以下、各ポリエステルポリオールについて説明する。
[3個以上の水酸基を有するポリエステルポリオールにカルボン酸無水物又はポリカルボン酸を反応させることにより得られるポリエステルポリオール(A1)]
前記ポリエステルポリオール(A1)は、3個以上の水酸基を有するポリエステルポリオールにカルボン酸無水物又は多価カルボン酸を反応させることにより得られる少なくとも1個のカルボキシ基と2個以上の水酸基を有するものである。3個以上の水酸基を有するポリエステルポリオールは多価カルボン酸または多価アルコールの一部を三価以上とすることで得られる。

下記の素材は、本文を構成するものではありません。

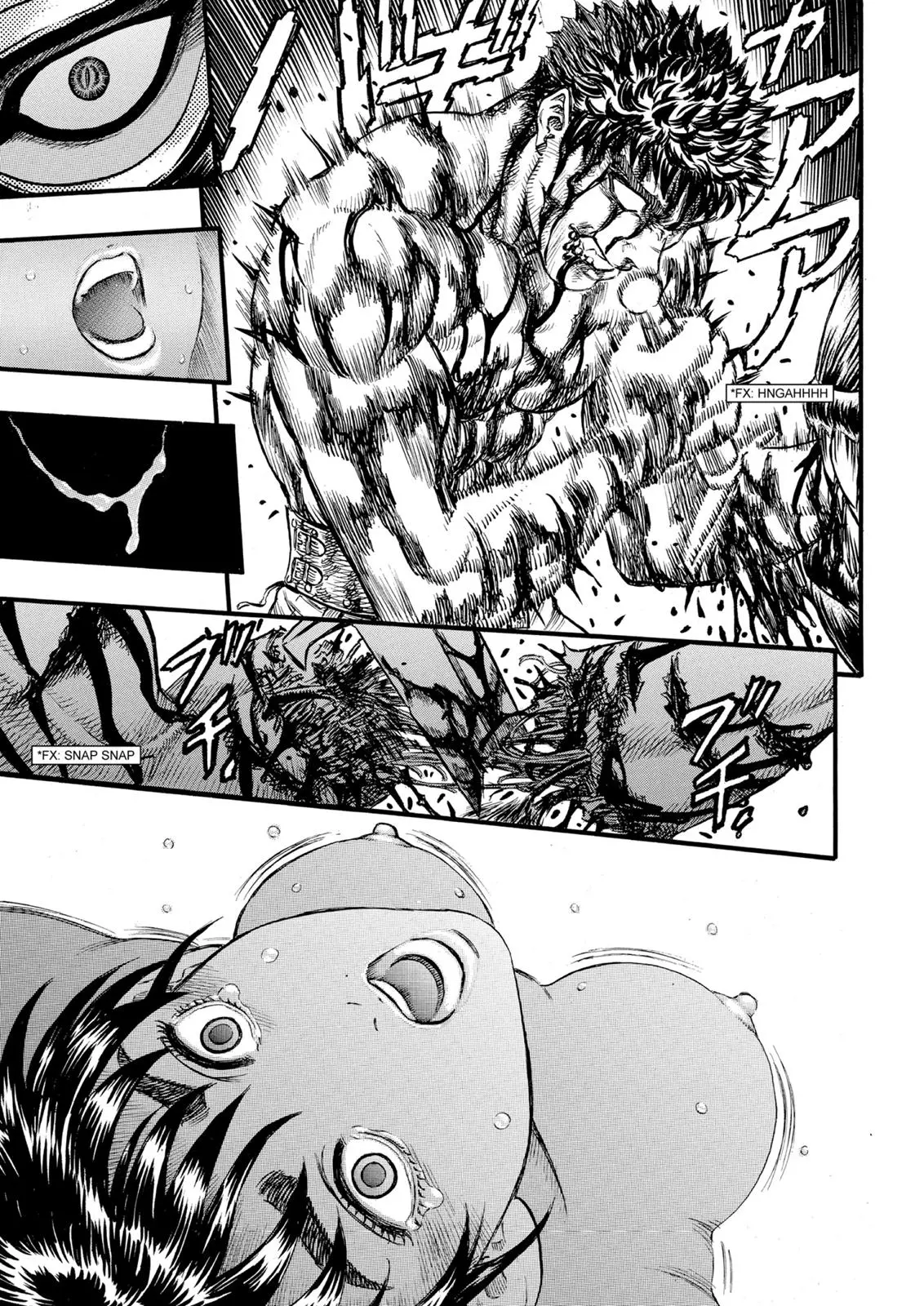 Read Berserk - Chapter 86 - read-berserk-manga.com | Image 20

ポリエステルポリオール(A1)として好ましくは、オルトフタル酸及びその無水物を少なくとも1種以上含む多価カルボン酸成分と、エチレングリコール、プロピレングリコール、ブチレングリコール、ネオペンチルグリコール、及びシクロヘキサンジメタノールからなる群から選ばれる少なくとも1種を含む多価アルコール成分からなる3個以上の水酸基を有するポリエステルポリオールに、カルボン酸無水物又は多価カルボン酸を反応させることにより得られるものである。
(オルトフタル酸及びその無水物)
オルトフタル酸及びその無水物は、骨格が非対称構造である。従って、得られるポリエステルの分子鎖の回転抑制が生じると推定され、これによりバリア性に優れると推定している。また、この非対称構造に起因して非結晶性を示し、十分な基材密着性が付与され、接着力とバリア性に優れると推定される。さらにドライラミネート接着剤として用いる場合には必須である溶媒溶解性も高いことで取扱い性にも優れる特徴を持つ。
(多価カルボン酸 その他の成分)
3個以上の水酸基を有するポリエステルポリオールを合成する際に、多価カルボン酸成分により分岐構造を導入する場合には、三価以上のカルボン酸を少なくとも一部に有する必要がある。これらの化合物としては、トリメリット酸およびその酸無水物、ピロメリット酸及びその酸無水物等があげられるが、合成時のゲル化を防ぐ為には三価以上の多価カルボン酸としては三価のカルボン酸が好ましい。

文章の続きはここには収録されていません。